(Collection entries)
*** Block opens ***
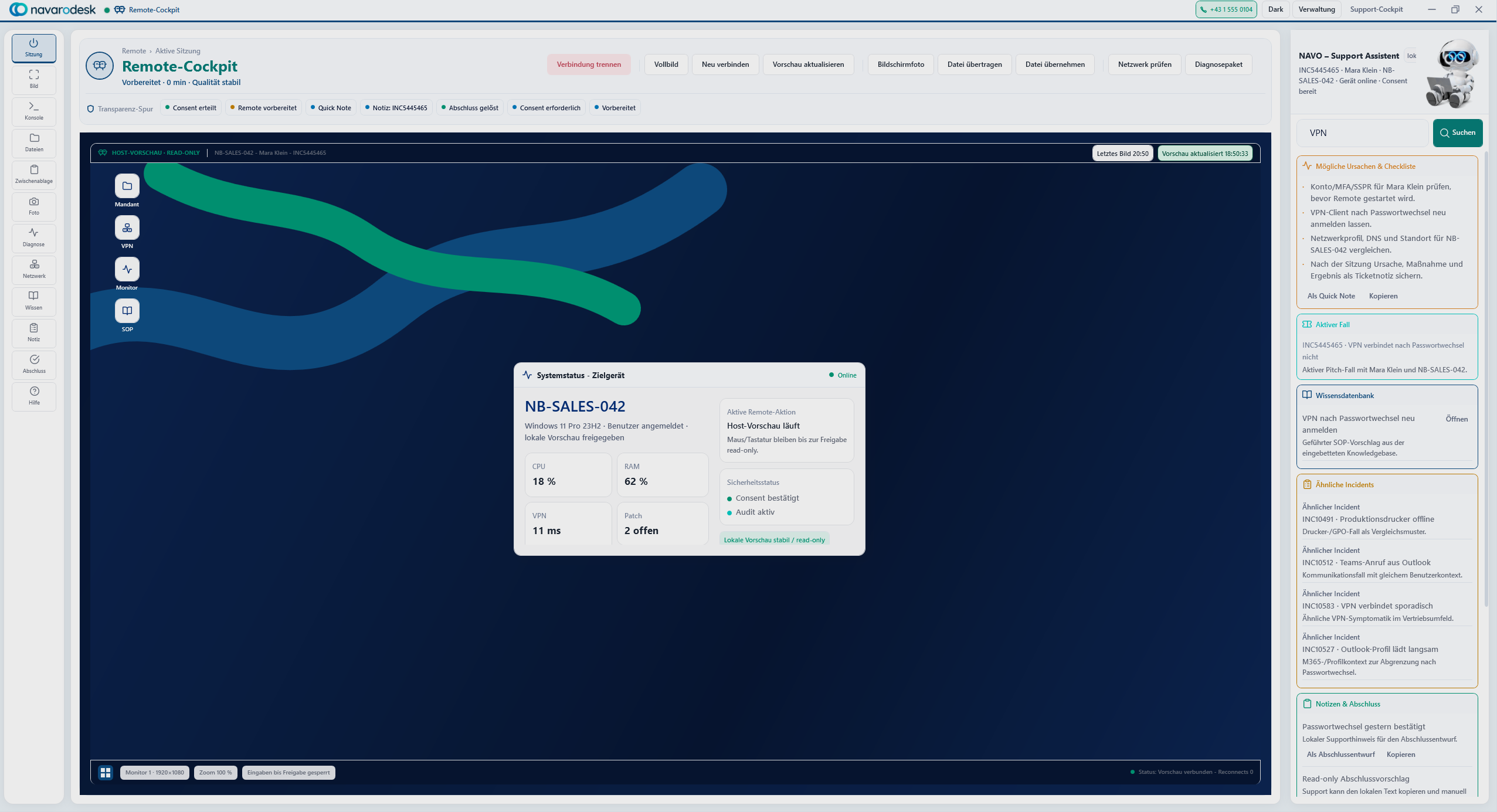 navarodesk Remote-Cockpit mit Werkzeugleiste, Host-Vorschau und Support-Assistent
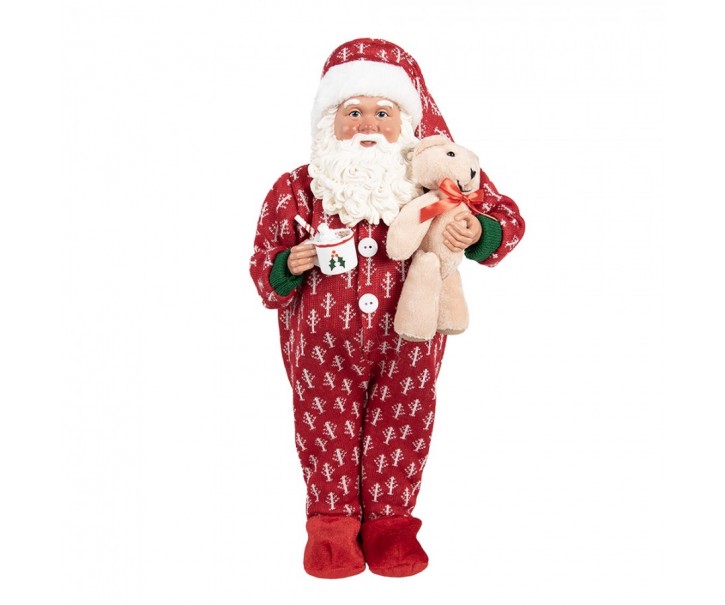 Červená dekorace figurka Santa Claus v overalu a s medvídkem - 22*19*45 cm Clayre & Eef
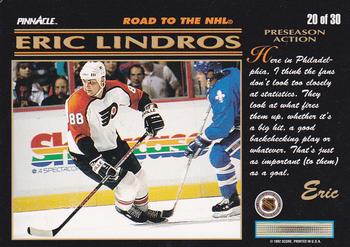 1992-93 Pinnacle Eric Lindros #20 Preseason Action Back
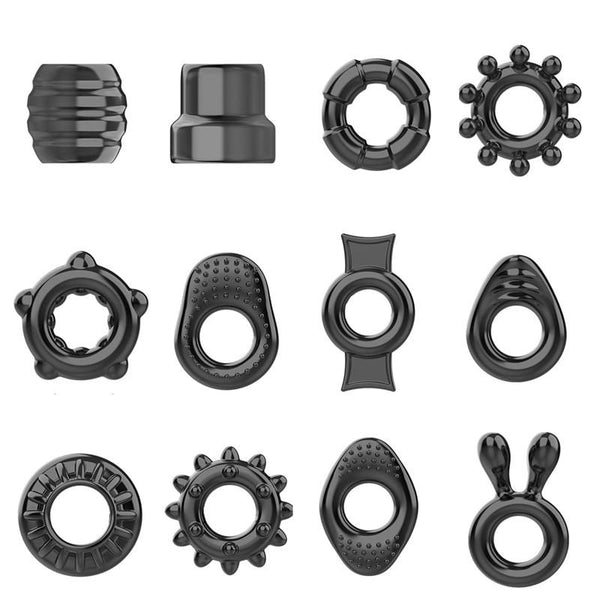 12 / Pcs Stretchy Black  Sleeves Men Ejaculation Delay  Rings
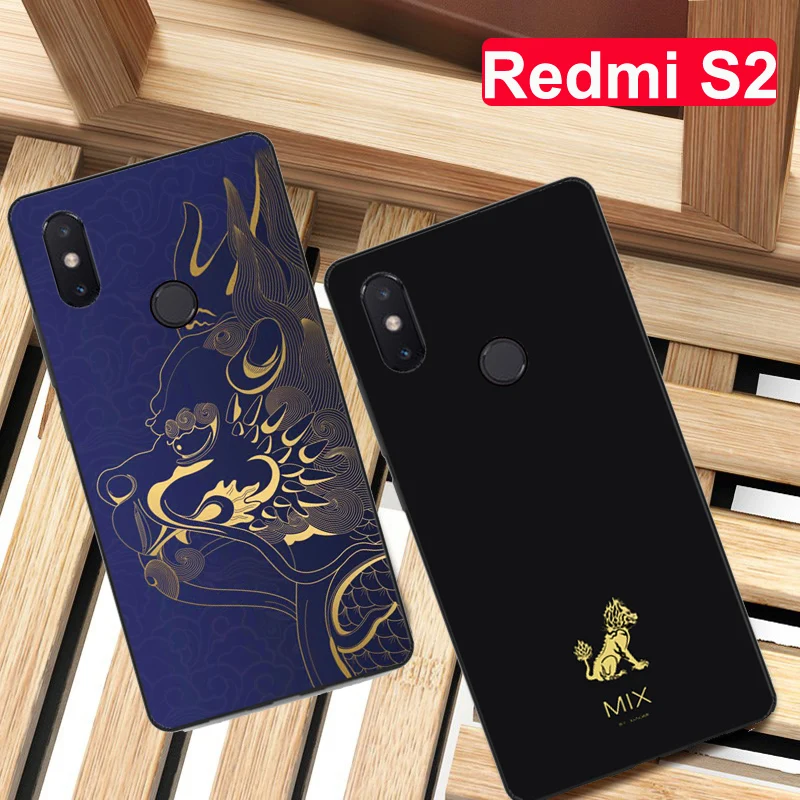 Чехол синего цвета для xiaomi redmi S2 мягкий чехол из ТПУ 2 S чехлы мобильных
*** Block closes ***
Please copy exactly the lines from the one containing "Červená dekorace figurka" through the last line of the records, both ends included, and leave out any pictures.

■ Reply to the exercise ■
 Červená dekorace figurka Santa Claus v overalu a s medvídkem - 22*19*45 cm Clayre & Eef
 1992-93 Pinnacle Eric Lindros #20 Preseason Action Back
 12 / Pcs Stretchy Black  Sleeves Men Ejaculation Delay  Rings
 Чехол синего цвета для xiaomi redmi S2 мягкий чехол из ТПУ 2 S чехлы мобильных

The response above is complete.